After that, I had a terror of becoming her, the multipurpose servant a few lucky scraps away from living on the street. I refused to serve Ligaya hand and foot. At the same time, I remembered enough from the jungle kingdom of high school not to fight with someone like Ligaya and insist she pull her weight. Instead, watching them both while I did homework on the sofa, I pretended they were strangers, who had little to do with me. I imagined I was a reporter on assignment, paid to watch and cover subjects in a house that wasn’t mine. Servant work has turned, I scribbled in a notebook, looking at my mother, from what she once did for a living to who she is for life.

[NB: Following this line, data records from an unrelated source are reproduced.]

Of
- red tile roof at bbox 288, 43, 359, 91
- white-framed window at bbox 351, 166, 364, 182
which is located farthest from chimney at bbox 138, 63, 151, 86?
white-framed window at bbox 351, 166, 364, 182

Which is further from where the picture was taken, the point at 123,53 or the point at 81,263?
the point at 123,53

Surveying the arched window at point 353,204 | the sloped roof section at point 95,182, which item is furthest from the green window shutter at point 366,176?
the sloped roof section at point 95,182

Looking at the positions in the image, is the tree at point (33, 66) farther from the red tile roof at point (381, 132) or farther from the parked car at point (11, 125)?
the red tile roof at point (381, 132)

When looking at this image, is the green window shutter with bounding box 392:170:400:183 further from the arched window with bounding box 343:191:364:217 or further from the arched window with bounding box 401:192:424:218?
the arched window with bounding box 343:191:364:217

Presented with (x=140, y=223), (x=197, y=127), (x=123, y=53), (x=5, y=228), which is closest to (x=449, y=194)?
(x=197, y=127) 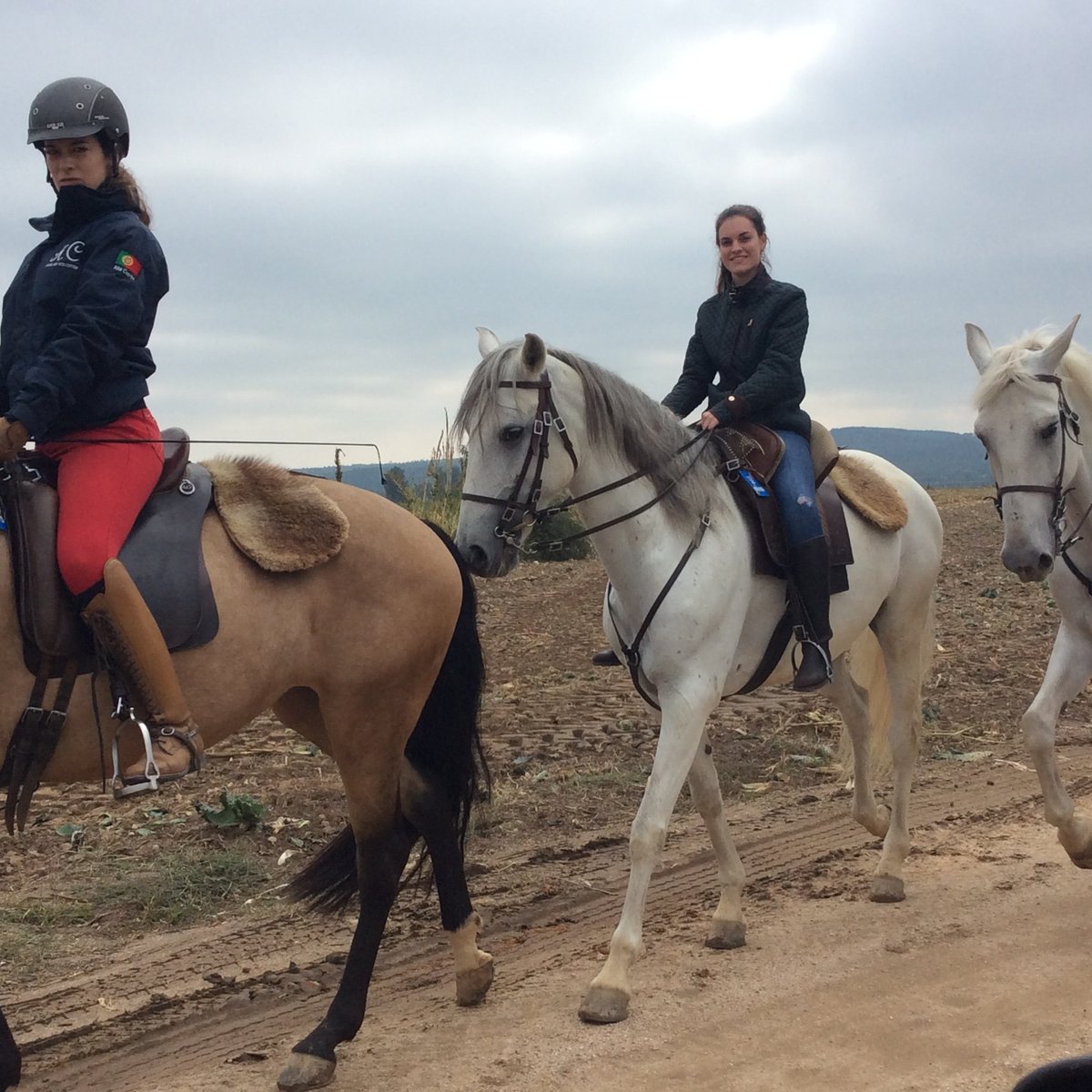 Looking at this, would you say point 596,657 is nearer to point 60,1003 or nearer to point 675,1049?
point 675,1049

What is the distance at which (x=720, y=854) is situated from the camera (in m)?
5.47

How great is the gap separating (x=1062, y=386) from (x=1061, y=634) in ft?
4.02

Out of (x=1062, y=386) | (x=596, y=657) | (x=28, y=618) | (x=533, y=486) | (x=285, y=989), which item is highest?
(x=1062, y=386)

I had no doubt that both my living and my life would be different. She holds a grudge against the world, I wrote of Ligaya, for defaulting on its promises to beautiful women. It didn’t occur to me that I’d been counting on similar promises, made to smart girls who studied hard.

In Riyadh, my brother shared a flat with nine men — Filipino gardeners or servants or drivers like him, or men helping to build the pipeline from Saudi’s oil wells to refineries offshore. The desert sun tanned him in no time, as it had his friends. We all could pass for Moros now, he wrote home, on an aerogram as thin as onionskin.

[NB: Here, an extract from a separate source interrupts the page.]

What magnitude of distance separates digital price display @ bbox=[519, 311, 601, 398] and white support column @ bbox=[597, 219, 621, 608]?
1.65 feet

When he called for the first time, from a pay phone in a downtown hotel, I told him that I liked having a sister for a change. “Why didn’t we think of replacing you sooner?” I’d never lied this way for anybody’s sake before. I must have wanted him to feel, five thousand miles away, that he was working toward a good cause. School, I wrote, because I knew he’d eat it up, has it all over the real world.

I’d started college that June. When I arrived on campus, among freshmen who had come at sixteen and would leave by twenty, I felt of a different species altogether: discipula laboranda plebeia, the ancient, part-time scholarship girl. I was only one year older, but would age faster than them still, paying tingi or “retail”-style for a few credits each semester, the way my mother bought garlic by the clove or shampoo by the foil sachet. My classmates didn’t look down on me so much as fail to see me altogether, as I stamped their books and served their lunches, as constant and inconsequential to their landscape as the statue in front of their student union.